**ASSIGNMENT:**
The complete data, repeated exactly, should form your response.

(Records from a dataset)
·····

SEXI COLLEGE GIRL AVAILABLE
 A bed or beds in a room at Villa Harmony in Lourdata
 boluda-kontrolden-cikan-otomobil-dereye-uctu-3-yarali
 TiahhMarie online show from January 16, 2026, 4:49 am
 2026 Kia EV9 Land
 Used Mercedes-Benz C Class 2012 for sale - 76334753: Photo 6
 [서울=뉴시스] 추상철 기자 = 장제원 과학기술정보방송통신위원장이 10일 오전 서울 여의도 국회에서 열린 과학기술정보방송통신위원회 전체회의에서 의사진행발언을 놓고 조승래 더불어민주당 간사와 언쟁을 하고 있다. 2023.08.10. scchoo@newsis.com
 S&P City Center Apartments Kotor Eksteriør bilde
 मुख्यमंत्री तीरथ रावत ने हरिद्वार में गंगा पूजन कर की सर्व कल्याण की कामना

·····

**TASK RESULT:**
SEXI COLLEGE GIRL AVAILABLE
 A bed or beds in a room at Villa Harmony in Lourdata
 boluda-kontrolden-cikan-otomobil-dereye-uctu-3-yarali
 TiahhMarie online show from January 16, 2026, 4:49 am
 2026 Kia EV9 Land
 Used Mercedes-Benz C Class 2012 for sale - 76334753: Photo 6
 [서울=뉴시스] 추상철 기자 = 장제원 과학기술정보방송통신위원장이 10일 오전 서울 여의도 국회에서 열린 과학기술정보방송통신위원회 전체회의에서 의사진행발언을 놓고 조승래 더불어민주당 간사와 언쟁을 하고 있다. 2023.08.10. scchoo@newsis.com
 S&P City Center Apartments Kotor Eksteriør bilde
 मुख्यमंत्री तीरथ रावत ने हरिद्वार में गंगा पूजन कर की सर्व कल्याण की कामना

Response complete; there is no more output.